Le baseball des Expos, au tournant des années 80, nous rappellent bien des journalistes, est plus populaire que le Canadien. Pierre Durocher : « (C’était une) époque, l’une des rares à Montréal, où il y a eu un autre sport numéro un que le hockey » ;  Réjean Tremblay : « On tombait sur les Expos au mois d’août.  En 1979, 1980, 1981 jusqu’en 1994, c’était fantastique ! ».

Un climat de party se répand non seulement dans le stade mais au sein de l’équipe (Réjean Tremblay : « une même ambiance que des collégiens au pensionnat »), malgré le souvenir, chez Rodger Brulotte, d’un Larry Parrish en venant aux coups, dans le vestiaire, avec Warren Cromartie.  À Philadelphie, Larry Walker vole même, un jour, les clés du quatre-roues de la très dérangeante mascotte Phillie Phanatic.

Les Expos toujours vivants

En 1981, la passion du baseball du très improbable nouvel entraîneur Jim Fanning contamine, dans la seconde moitié de la saison, l’équipe. Tout devient possible. On rêve, en octobre, d’une Série mondiale contre les Yankees.  Le «Blue Monday » nous ramène sur Terre.  La chance « ne repassera pas » (Pierre Durocher).

On se souvient des mauvais échanges, du non renouvellement, au terme de la saison 1994, du contrat de Larry Walker.  « Essayez-vous vraiment de gagner » hurle, à la radio, le commentateur Mitch Melnick, en apprenant, à la fin de la saison 1997, que le propriétaire Claude Brochu, et ses acolytes, viennent de troquer, pour peu de choses, Pedro Martinez.

L’équipe qui aurait pu mettre la main sur Éric Gagné ou Russell Martin n’a pas su déployer suffisamment d’ardeur « à défendre le baseball d’ici » se remémore le dépisteur Alex Agostino. Marc Griffin, entre autres, « n’a pas apprécié du tout la façon dont les Expos l’ont traité ».

On se souvient, malgré tout, lors de ces années moroses, de l’incroyable talent de Vladimir Guerrero, ou de la stature, imposante par sa sagesse, de l’entraîneur Felipe Alou. « Écoute-moi bien, je ne le répéterai pas », répond-il au jeune journaliste débutant Frédéric, couvrant, en 2001, la – médiocre — saison du club, et participant à sa première conférence de presse, « je vais te le dire parce que tu es jeune, assure-toi toujours de ne pas poser une question niaise ».  Il n’oubliera pas la leçon.

Oui, on s’ennuie de nos étés rythmant avec les Expos.  Mais la Terre continue de tourner, et le monde de nous consterner.

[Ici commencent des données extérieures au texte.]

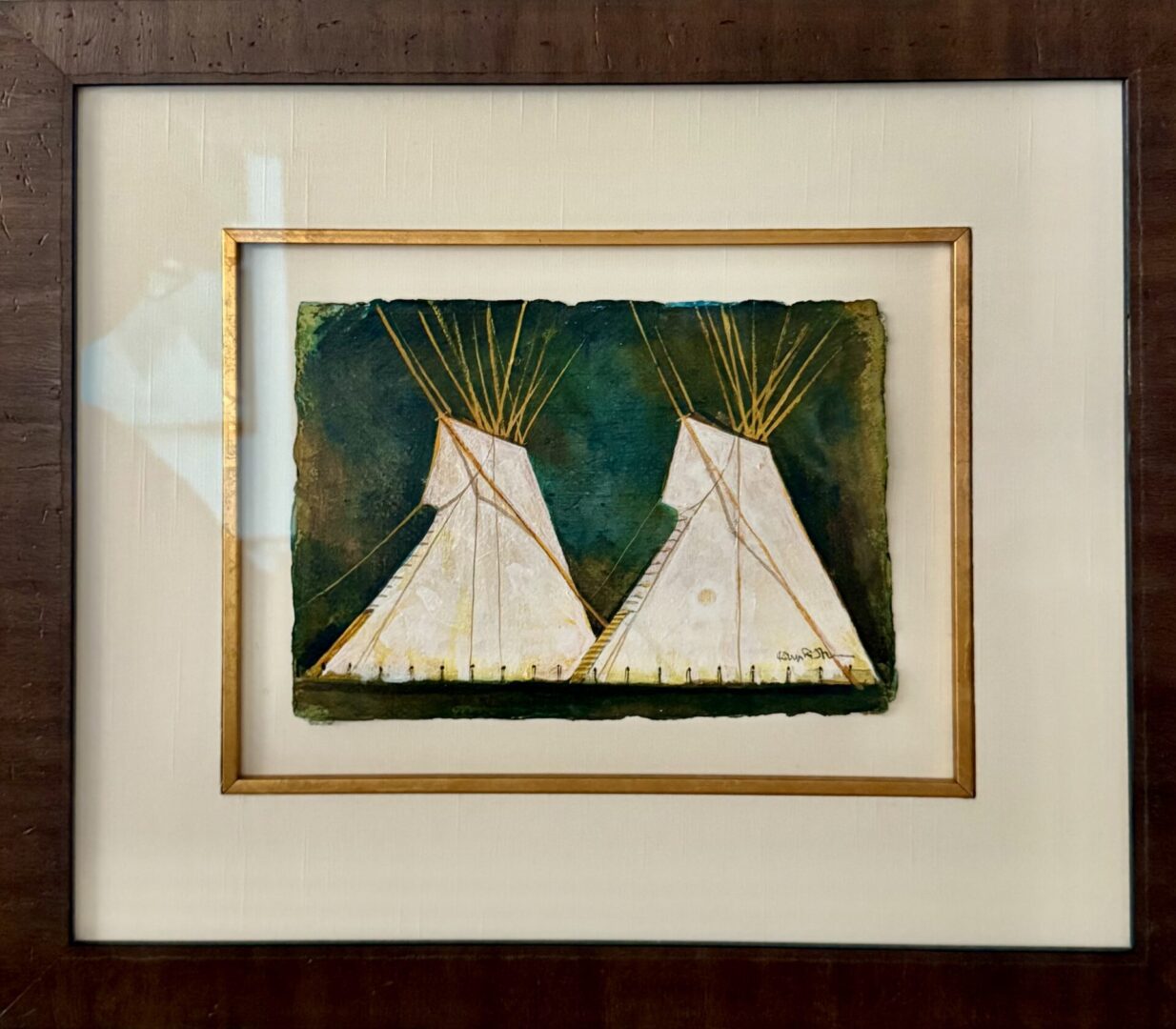 Framed artwork of two white teepees against a dark green background.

Le journaliste Richard Milo se souvient d’un vol interrompu, le 11 septembre 2001, à Fort Lauderdale, de la dévastation, toujours présente, à New York, lors d’un match en octobre. « Cette journée prévaut sur tous mes souvenirs des Expos, même sur le Blue Monday ».

Biographie & Faits Vécus

Chips! Peanuts! Cracker Jack! 24 histoires savoureuses des Expos

Frédéric Daigle - Éditions de l'Homme

Dans ce livre, Frédéric Daigle dévoile les histoires «cachées» de l'organisation à travers une série d'anecdotes et de souvenirs inédits racontés par les artisans de première ligne. Parmi ces personnalités, citons Charles Bronfman, le premier propriétaire de l'équipe; son fils Stephen qui espère ramener le baseball majeur dans la métropole; Sandy Carter, la veuve du célèbre numéro 8, Gary Carter, l'une des plus grandes vedettes à avoir porté l'uniforme des Expos; l'ex-lanceur Steve Rogers; l'ex-voltigeur Larry Walker; Roger D. Landry, qui a notamment été le créateur de Youppi!; et de nombreux journalistes ayant couvert les activités du club.